Cover Criminal Justice

Edited by Anthea Hucklesby and Azrini Wahidin

Criminal Justice provides a thought-provoking and critical introduction to the challenges faced by the UK's criminal justice system, including policing, sentencing, and punishment at the beginning of the twenty-first century. Expert contributors, including criminologists and lawyers, provide students with a critical introduction to issues, institutions, and agencies that shape the operation of the criminal justice system.
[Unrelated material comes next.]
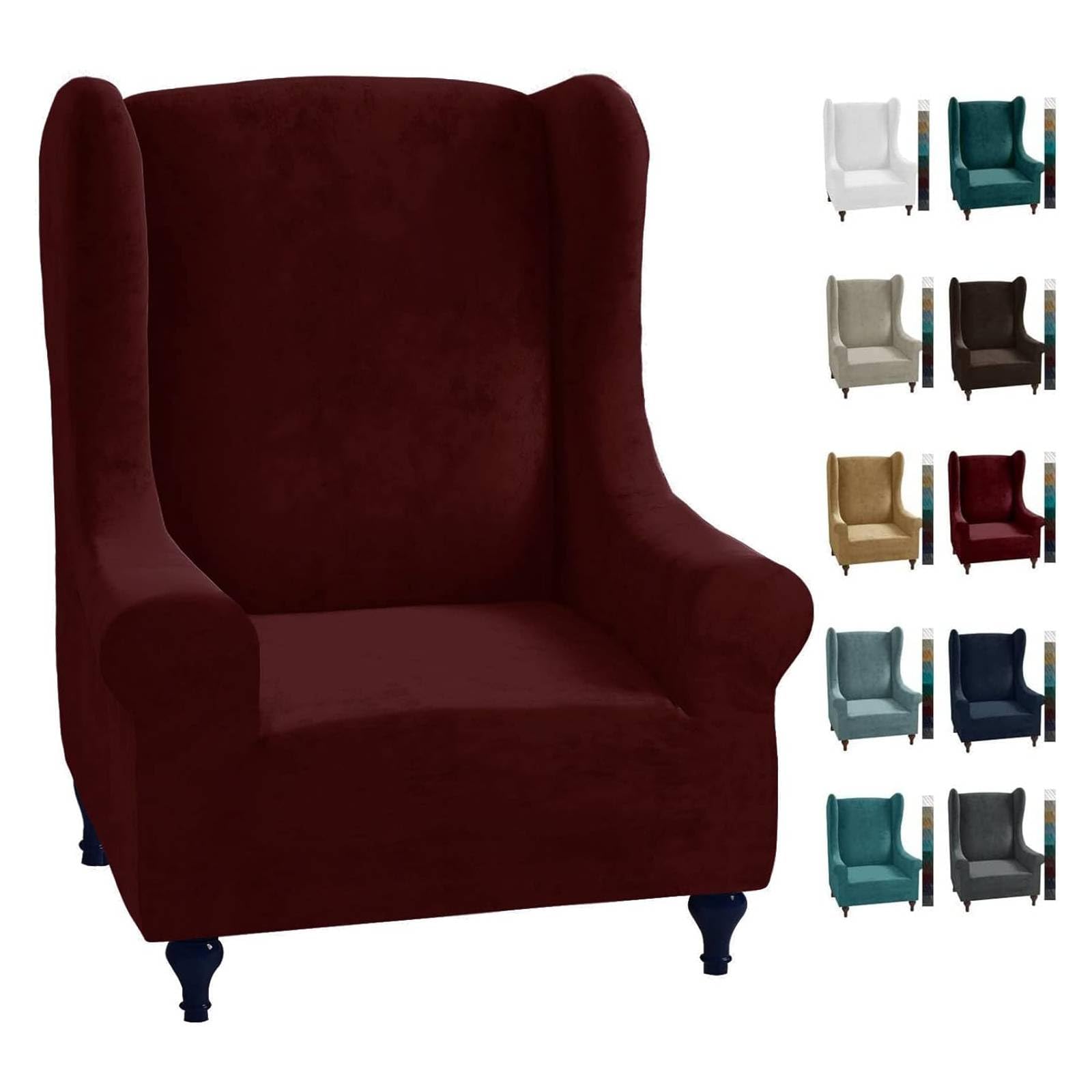 CHELZEN Stretch Velvet Wingback Chair Slipcover Soft Slipcovers for Wingback Chairs Wing Chair Cover with Elastic Bottom (Wing Chair, Wine Red)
The book provides students from a range of disciplines including criminology, law, sociology, psychology, and social policy with knowledge and understanding of the key areas of the subject and an appreciation of contemporary debates, policies, and perspectives. Each chapter features questions, summaries, tables, diagrams, annotated further reading, and weblinks to ensure the book is as accessible and engaging as possible, and provides clear guidance on further study. An illuminating glossary of key terms is also included. In this second edition: all chapters have been completely revised and updated; a new chapter has been included on the policy landscape of criminal justice; additional material has been incorporated into two chapters on the police and policing; and a new chapter on the criminal courts has been included, as have additional chapters on innovative aspects of criminal justice, and science and psychology in criminal justice. This title is accompanied by an Online Resource Centre containing an online version of the glossary of key terms and annotated web links.

Chapter

Cover Criminal Justice

5. Courts and the trial process  

Steven Cammiss

This chapter first considers the functions of the courts and questions whether there are other, more symbolic functions at play than finding the truth. It then outlines the court system, looking to both magistrates' courts and the Crown Court, and explores the composition of both courts, the types of cases that they deal with, and their role. To examine a particular decision made within the criminal courts, the chapter looks at the mode of trial decision. It concludes by asking whether the reality of the courts lives up to the rhetoric of trial by jury as the pinnacle of due process protections.